The regulation squeeze: The proposed SEC rules consider crowdfunding portals "issuers," and that means that the portals are held liable for the entrepreneurs raising money on their sites. If an entrepreneur's campaign to raise money is fraudulent, then the portal would be held responsible. At the same time, portals are not allowed to give "investment advice." That means portals are responsible for investors losing money, but can't give any advice. "The proposed rules put funding portals between a rock and a hard place," said Kiran Lingam, general counsel for Seed Invest, an equity crowdfunding platform which currently deals only with accredited investors, in a letter to the SEC.
As a result, only a few portals would survive the regulatory environment: The combination of regulatory burdens will result in a very limited pool of portals, according to letter submitted to the SEC by the Small Business and Entrepreneurship Council, an advocacy group with over 100,000 members. "The combined regulatory and liability risks are far too great under current proposed regulations to expect a vibrant funding portal marketplace. That means less choice for issuers, as well as higher costs. Fixing the proposed regulations to provide clarity when it comes to liability and discretion on the funding portal's part will allow for innovation, competition and accountability in the portal space," said Karen Kerrigan, president and CEO of the SBE Council in her letter to the SEC. Having fewer portals is a negative for the industry. "Greater choices of funding portals will benefit investors and the entrepreneurs who will be using these platforms," Kerrigan says.
Kerrigan says the SEC has estimated that it could cost as much as $400,000 just to meet required regulatory hurdles to open an equity crowdfunding portal. That's a lot of money for financial platforms whose revenue streams are built by taking a cut of relatively small investments.
Related: What the U.S. Can Learn From the Netherlands About Equity Crowdfunding
"Under the SEC's proposing release, a portal would need to demonstrate affirmative "due diligence' efforts as a defense to an investor suit for a material misstatement or omission by the issuer of the securities appearing on the funding portal's site. Because funding portals operating under Title III will present only small offerings of less than one million dollars, the cost to conduct an extensive review of each offering would be high relative to the small offering size," said John Hamilton, the president of City First Enterprises, a Washington D.C.-based community development center. "These due diligence costs would make it challenging for portals to post offerings that could not support fees large enough to cover the costs, limiting the number of potential investment opportunities and shrinking the amount of capital made available through crowdfunding. This in turn would diminish the job creation sought by the legislation."

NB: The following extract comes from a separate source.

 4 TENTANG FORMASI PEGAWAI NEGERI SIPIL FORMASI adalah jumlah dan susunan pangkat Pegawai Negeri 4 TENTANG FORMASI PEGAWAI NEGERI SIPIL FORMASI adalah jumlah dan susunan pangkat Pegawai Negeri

So, what's gives? Some of the regulatory burden has to be removed from the portals. As written, portals are in an "untenable catch-22," said House Small Business Committee Chairman and Representative Sam Graves (R, Mo.) in a letter to the SEC. "In order to achieve the appropriate balance of creating a usable crowdfunding model for small businesses while providing adequate protections for investors, the Commission should remove the liability placed on funding portals in the proposed rules or permit them to curate offerings. Otherwise it is highly improbable that any rational business would establish a web portal in the heads-you-win, tails-I-lose environment. And without web portals, there is no crowdfunding, which directly contravenes the statutory mandate from Congress in Title III of the JOBS Act."

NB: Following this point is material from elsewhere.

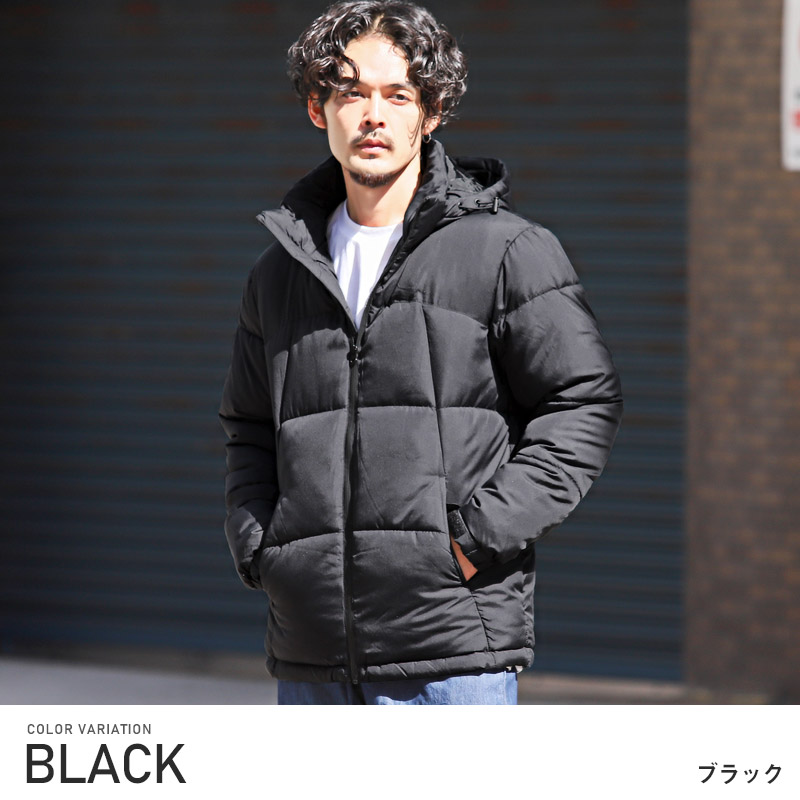 中綿ジャケット メンズ ブルゾン フード フェイクダウン 暖か 防寒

How then, should investors be protected? Portals should be given the authority to reject any campaign owner they consider unfit for investing, according to Charles Sidman, president and chair of the Crowdfunding Professional Association in his letter to the SEC. While Sidman agrees that giving crowdfunding portals the authority to rank entrepreneur campaigns does constitute a level of "investment advice" that portal operators should not have, they should be allowed to reject any applicant they feel untrustworthy carte blanche, he says.